#### PROBLEM TO SOLVE
The required answer is a copy of each line in the entries below that includes "image".

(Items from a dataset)
Content starts

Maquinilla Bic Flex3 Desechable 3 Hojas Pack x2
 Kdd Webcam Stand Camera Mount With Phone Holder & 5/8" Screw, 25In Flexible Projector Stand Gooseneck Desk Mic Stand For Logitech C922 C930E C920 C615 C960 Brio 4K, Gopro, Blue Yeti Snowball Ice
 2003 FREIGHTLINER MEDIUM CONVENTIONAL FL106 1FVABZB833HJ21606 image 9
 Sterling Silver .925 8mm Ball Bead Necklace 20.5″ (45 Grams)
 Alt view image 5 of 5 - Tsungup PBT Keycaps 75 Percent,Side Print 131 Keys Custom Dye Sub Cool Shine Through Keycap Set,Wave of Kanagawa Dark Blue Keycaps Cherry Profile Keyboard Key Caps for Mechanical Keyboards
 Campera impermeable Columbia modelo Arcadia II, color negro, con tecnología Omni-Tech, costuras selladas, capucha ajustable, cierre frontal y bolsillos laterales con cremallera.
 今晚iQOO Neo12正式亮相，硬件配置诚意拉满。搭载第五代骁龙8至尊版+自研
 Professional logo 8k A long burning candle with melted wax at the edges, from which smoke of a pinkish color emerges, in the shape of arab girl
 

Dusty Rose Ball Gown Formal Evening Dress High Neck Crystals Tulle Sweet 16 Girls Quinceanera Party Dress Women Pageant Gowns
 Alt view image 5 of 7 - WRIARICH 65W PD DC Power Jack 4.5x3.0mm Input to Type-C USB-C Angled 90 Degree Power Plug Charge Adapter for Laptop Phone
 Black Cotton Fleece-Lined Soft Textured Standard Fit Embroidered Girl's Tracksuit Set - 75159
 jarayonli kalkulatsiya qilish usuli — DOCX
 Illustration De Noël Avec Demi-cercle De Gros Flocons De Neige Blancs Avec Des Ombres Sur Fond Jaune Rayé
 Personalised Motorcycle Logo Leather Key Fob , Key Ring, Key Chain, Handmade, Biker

Content ends

#### YOUR RESPONSE
 2003 FREIGHTLINER MEDIUM CONVENTIONAL FL106 1FVABZB833HJ21606 image 9
 Alt view image 5 of 5 - Tsungup PBT Keycaps 75 Percent,Side Print 131 Keys Custom Dye Sub Cool Shine Through Keycap Set,Wave of Kanagawa Dark Blue Keycaps Cherry Profile Keyboard Key Caps for Mechanical Keyboards
 Alt view image 5 of 7 - WRIARICH 65W PD DC Power Jack 4.5x3.0mm Input to Type-C USB-C Angled 90 Degree Power Plug Charge Adapter for Laptop Phone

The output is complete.